The speaking tours - and the substance of the speeches given - are certainly offensive. Offensive to the working people who elected Labour to government. The ruling class have no longer any need to continue their hysterical attacks on the Coalition Government because the Coalition Government has gone out of its way to show these attacks are unnecessary - Labour has no intention of going against business interests.
 
The Council of Trade Unions has publicly stated that the new Employment Relations Act makes it harder for workers to take strike action than the old Contracts Act did. The new act allows fifteen people to call themselves a union. In other words, it encourages the formation of bosses' and scabs' unions. The Government's "good will" bargaining scheme suits Business precisely because it will have the power to ignore it and, when workers' rights need defending, the government will sit silent.

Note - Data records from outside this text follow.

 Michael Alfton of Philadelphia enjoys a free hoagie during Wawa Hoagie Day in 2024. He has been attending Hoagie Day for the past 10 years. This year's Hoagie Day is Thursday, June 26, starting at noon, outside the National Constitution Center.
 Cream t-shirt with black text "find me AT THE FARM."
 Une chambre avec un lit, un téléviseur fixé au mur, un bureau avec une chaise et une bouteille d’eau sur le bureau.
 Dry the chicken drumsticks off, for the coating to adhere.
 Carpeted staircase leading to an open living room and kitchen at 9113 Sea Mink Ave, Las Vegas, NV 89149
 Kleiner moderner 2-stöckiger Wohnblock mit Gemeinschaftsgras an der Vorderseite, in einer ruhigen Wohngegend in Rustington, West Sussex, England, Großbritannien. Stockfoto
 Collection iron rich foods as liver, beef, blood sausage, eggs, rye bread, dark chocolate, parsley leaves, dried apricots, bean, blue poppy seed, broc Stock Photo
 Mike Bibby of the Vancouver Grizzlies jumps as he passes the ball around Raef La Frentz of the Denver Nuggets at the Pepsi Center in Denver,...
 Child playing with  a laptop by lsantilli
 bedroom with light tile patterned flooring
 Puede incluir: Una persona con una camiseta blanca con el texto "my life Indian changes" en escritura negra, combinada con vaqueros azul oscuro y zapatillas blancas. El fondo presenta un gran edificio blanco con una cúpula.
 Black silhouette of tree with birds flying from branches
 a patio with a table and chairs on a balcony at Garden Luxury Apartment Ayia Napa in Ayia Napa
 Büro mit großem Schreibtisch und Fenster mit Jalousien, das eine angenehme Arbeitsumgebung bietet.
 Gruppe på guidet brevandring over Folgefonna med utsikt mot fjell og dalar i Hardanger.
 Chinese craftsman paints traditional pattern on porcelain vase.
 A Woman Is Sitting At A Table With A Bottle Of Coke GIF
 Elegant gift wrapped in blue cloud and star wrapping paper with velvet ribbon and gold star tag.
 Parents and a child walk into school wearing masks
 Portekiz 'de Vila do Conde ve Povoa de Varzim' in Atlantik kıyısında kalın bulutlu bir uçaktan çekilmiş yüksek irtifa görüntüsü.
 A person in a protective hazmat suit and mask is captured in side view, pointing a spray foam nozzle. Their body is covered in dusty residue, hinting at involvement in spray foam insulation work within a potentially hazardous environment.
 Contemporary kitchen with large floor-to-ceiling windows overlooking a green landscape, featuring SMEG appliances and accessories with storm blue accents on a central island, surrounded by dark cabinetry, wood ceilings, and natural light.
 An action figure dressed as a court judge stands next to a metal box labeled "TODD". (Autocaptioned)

Margaret Wilson in a statement recently parroted the lines of Carter Holt Harvey in the South Island waterfront dispute and called this a dispute between two unions! Workers could not fear worse from Max Bradford - the man who wanted to abolish Christmas - himself.
 
The ruling class have stopped their attacks on this Government for the simple reason that it is bad business sense to attack one's friends. Where has Labour been when Waterside Workers' Union wharfies have had their jobs stolen? Where has the government been whilst the vets have been subjected to a campaign of bullying and intimidation from employers and dairy farmers - their cheeks still rosy in the reflected glow of a $70,000 bonus given them - furious at their demands for a pay increase? If Helen Clark or Michael Cullen have not been at business breakfasts, doubtless they have been too busy to even speak a single word of support for these workers.
 
Meanwhile, throughout all this, the Alliance has distinguished itself only in new depths of mediocrity. It is a sad waste to see a party that has some of the country's best left-wing activists in its ranks reduced to political impotency, and to see this happen for what looks like only one major reason - the love Jim Anderton has for the feeling of his buttocks settled into a cabinet chair. Some Alliance MPs have shown integrity - Laila Harre's appearance at a Nelson watersiders' picket  is a notable example of this - but, tied so closely as they are to a Labour Party determined to stick to its dirty history of talking left and walking right, these acts, motions and pieces of defeated legislation are restricted to being only moments of diversion in a policy of general agreement  down to breaking an election promise to students  with Labour.
 
The Labour/Alliance Government has been better than National was, but - ask the question: what could be worse? After a year in power, it has become more obvious than ever that, without pressure for a tidal shift from below for real, substantive change, the ship of state will continue its listless rightward drift. We have suffered more than sixteen years of attacks on our living conditions, health, welfare, education and even on our hopes. Mäori have been disproportionately attacked by the cruel policies of these last decades, and even this Labour looks like it would rather deny.
 
There are still gaps that need to be closed, and this Helen Clark cannot wish away with the removal of a government phrase. But unless we force the government  of whatever party makeup that government might be  to make real changes, to improve the health and welfare systems, to seriously address the problem of student debt, to increase unemployment benefits and tax the rich, to pour money into Mäori health, we will be condemned to a future of ever worsening inequality, poverty and despair. The power lies in us  in the working people of Aotearoa, not in the hands of the coalition policy makers. This is a fact that seems to have forgotten, but one we can - and must - remember again.